Sophie’s choice

May 29, 2008 at 7:01 pm | Posted in professional ethics | 1 Comment

Dr. Alice has made some interesting points about work hours, over on her blog. I think we are mostly in agreement over the issue. Particularly in how it often pits integrity against professionalism, a conflict with no room for compromise on either side.

Our attendings may think us weak because we’re not tested as they were. They should walk a mile or two in our shoes, because I’m pretty sure every single one of us would choose to stay until our job was done, if the associated sacrifice of other values weren’t so repugnant.

I don’t know, maybe it’s not so repugnant to some people. But do I really want colleagues who will lie just to stay out of trouble? Integrity is one of the few things that no one can take from you without your consent and cooperation.

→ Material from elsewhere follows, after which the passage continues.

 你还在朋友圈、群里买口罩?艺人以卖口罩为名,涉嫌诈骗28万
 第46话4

To throw it away over a ridiculous and arbitrary rule is sad.

The thing is, there have been rotations where the only thing that kept me going was the knowledge that I could only be tortured for a defined period of time. And then I would have 10 hours to myself before I had to face it again.

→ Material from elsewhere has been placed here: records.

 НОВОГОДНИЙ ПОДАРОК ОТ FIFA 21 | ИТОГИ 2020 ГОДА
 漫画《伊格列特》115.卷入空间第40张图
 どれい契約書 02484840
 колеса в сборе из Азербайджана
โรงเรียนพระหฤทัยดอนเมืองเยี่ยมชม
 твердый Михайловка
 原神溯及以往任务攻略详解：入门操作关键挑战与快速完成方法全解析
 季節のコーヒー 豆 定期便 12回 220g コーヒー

But there have been other rotations where I’ve felt offended that some nameless, faceless organization has decided that I have to go home after only 14 hours, and can’t come back until 10 more have elapsed. Especially on neurosurgery, it was very tempting to lie.

And then there’s the issue of proving yourself. It’s hard to do when the requirements are such that even the wimpiest of people can probably suck it up and deal. I’d actually welcome the opportunity to prove that I’m the equal of any old-school neurosurgery resident.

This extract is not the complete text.